▶ [Activity] Every line from the one with "אוטובוסים שרופים מפרוטקשן" to the end of the entries, both included, is to be copied exactly; the other lines stay out.
BEGIN Provided information
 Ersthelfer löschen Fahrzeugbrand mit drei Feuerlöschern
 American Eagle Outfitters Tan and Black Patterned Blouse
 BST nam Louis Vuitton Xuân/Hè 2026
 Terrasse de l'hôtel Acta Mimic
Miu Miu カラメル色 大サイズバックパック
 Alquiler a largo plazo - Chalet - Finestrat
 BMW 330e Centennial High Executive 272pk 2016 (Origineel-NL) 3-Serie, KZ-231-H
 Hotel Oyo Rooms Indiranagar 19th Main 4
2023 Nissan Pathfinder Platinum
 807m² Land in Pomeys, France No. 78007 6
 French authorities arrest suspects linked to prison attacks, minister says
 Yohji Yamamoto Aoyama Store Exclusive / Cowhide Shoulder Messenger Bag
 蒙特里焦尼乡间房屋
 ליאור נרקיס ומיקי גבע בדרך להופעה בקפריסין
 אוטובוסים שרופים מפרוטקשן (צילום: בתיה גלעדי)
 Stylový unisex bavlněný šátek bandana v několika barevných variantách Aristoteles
END Provided information
▶ [Expected output]
 אוטובוסים שרופים מפרוטקשן (צילום: בתיה גלעדי)
 Stylový unisex bavlněný šátek bandana v několika barevných variantách Aristoteles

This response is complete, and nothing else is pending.